Over the past decade, steady progress has been made on bottom-up, low-level man- management instrumentation of network and computing environments. And more recently, new service management systems have come on the market that work from the top down to develop an objective fact base on the service levels that users experience. What’s been missing is the middle ground: Systems-level management, which encompasses fault and performance management.
Device-level management is still moving ahead, and the latest improvements involve embedding Web interfaces directly in devices. These interfaces allow secure browser access using http to the functionality of device-level management agents. This certainly represents an improvement over the telnet-based command line access to these management agents that used to be the norm. Over time, SNMP-based monitoring and measurement collection will be replaced by data exchanges between the element management agent and higher-level management systems that run based on the WBeM CIM Interface Standard (Web-based enterprise Management Common Information Model – see this column in BCR, October 1998, pp. 30-32).
New directions for monitoring, measurement and trending also have emerged. Top-down, service level-oriented approaches use infrequent, application-level test transactions to determine the actual service levels being delivered to end users (see BCR, February 1999, pp. 20-21). These systems are usually combined with direct analysis of end-user transactions, as well as “synthetic” transactions. They compute availability, response time and throughput measures for network-based services, and create reports that compare real versus target service levels. The beauty of these systems is that they probe the network using the same transactions that users (or programs) generate; no special protocols need to be developed. By setting up agents at strategic points around the network that test critical services and applications, it is possible to get an accurate picture of and an early warning system for when service levels degrade.
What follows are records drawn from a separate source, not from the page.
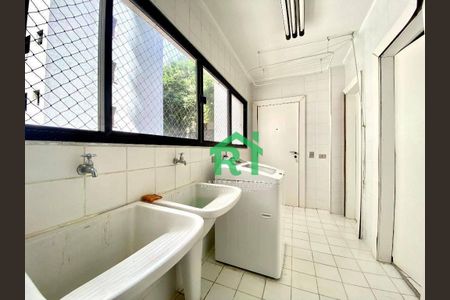 12_photo/94d1fe325d.987cdd0f5d7a2a3b-ATLAS-ed7dc5ba-60a2-4db2-b0f6-ea2fb2fa69ac.jpg de apartamento à venda com 4 quartos, 225m² em Jardim Tejereba, Guarujá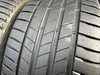 225/40R18 Bridgestone Turanza T005 XL para opon lato 6,6mm nr8724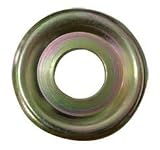 Stihl clutch drum washer replaces 0000-958-1032 [並行輸入品]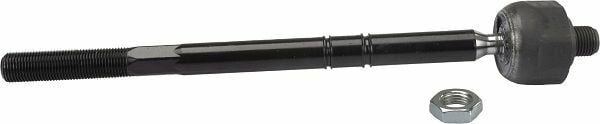 TRW JAR986 | Rot Mili Viano W639 03-Vito W639 03 -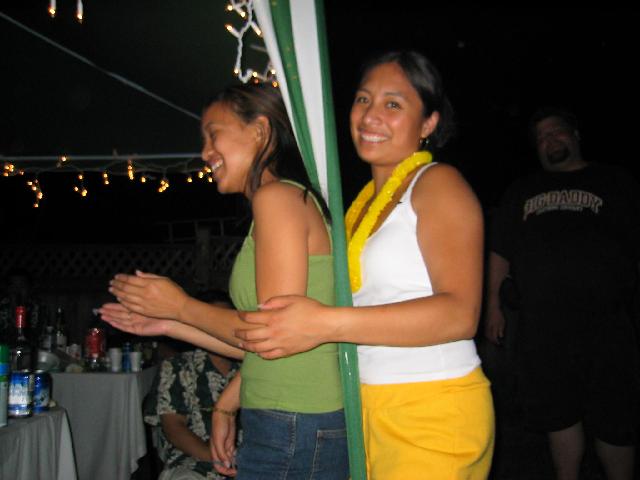 189_8993.jpg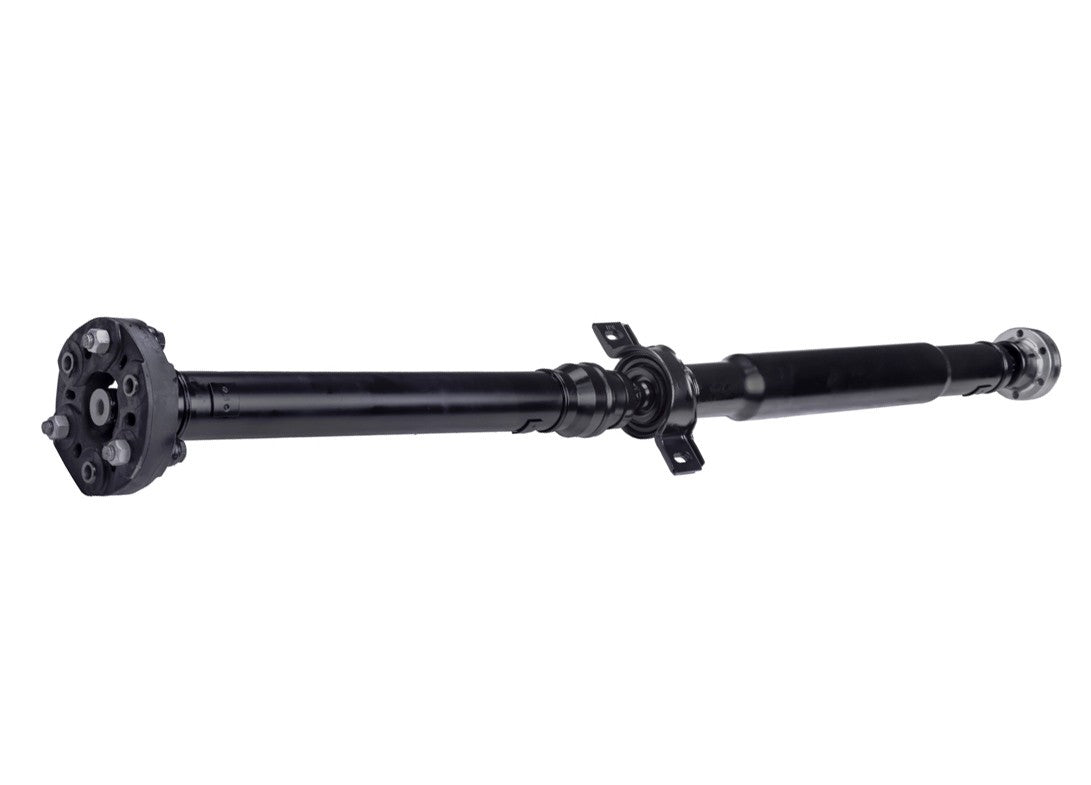 Rear Drive Shaft A1664105900 1664105900 1644103102 A1644103102 Compatible With Mercedes Benz W166 ML/GLE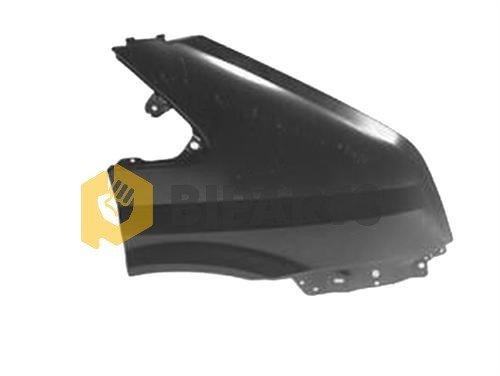 Ford Ön Çamurluk Sağ Transit V.347 06> 8C11 16015 AA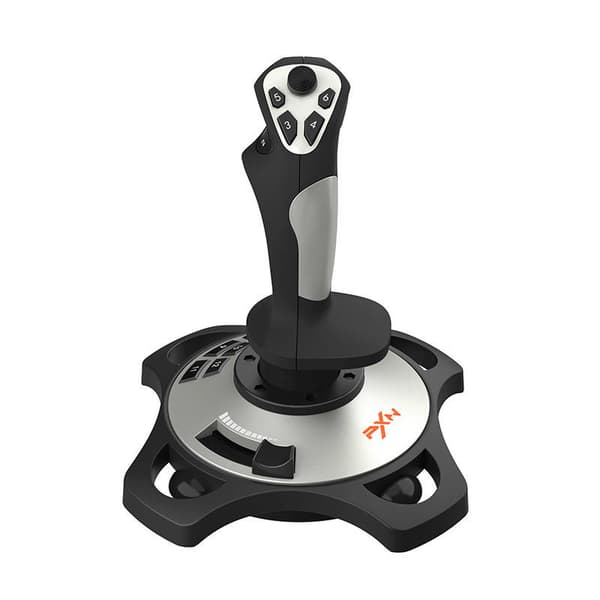 Joystick PXN-2113 PRO Flykontroll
Bottom-up and top-down meet in systems-level management, where the difficult problems of fault and performance management require the ability to integrate information from many sources and to understand relationships between devices, traffic flows, protocol layers, applications and services. Users consistently complain that they are not getting what they want from management software providers and systems vendors, and their complaints are understandable.
We’re pretty good at finding and fixing a failure of a single network element. But it’s much more difficult to identify, isolate and investigate problems that are the result of interactions among multiple elements or less-than catastrophic deviations from normal operation. Troubleshooting these kinds of problems often resembles untangling a ball of string or peeling an onion.
The reality of multivendor environments only exacerbates the problem. It’s not easy to separate elements that are working correctly from those that aren’t; we can’t easily partition our networks to test whether different parts work correctly on an independent basis. Lack of fault isolation test points makes it difficult to isolate which protocol and service layer is having problems. Good systems-level troubleshooting requires knowing how different elements function and the usual kinds of degradation and failure modes. It is much more difficult for a vendor to build that level of expertise into a management product than it is to develop good device-level measurement or configuration support. But that is exactly what users want. They need to substitute expert tools for experts, at least in some cases. …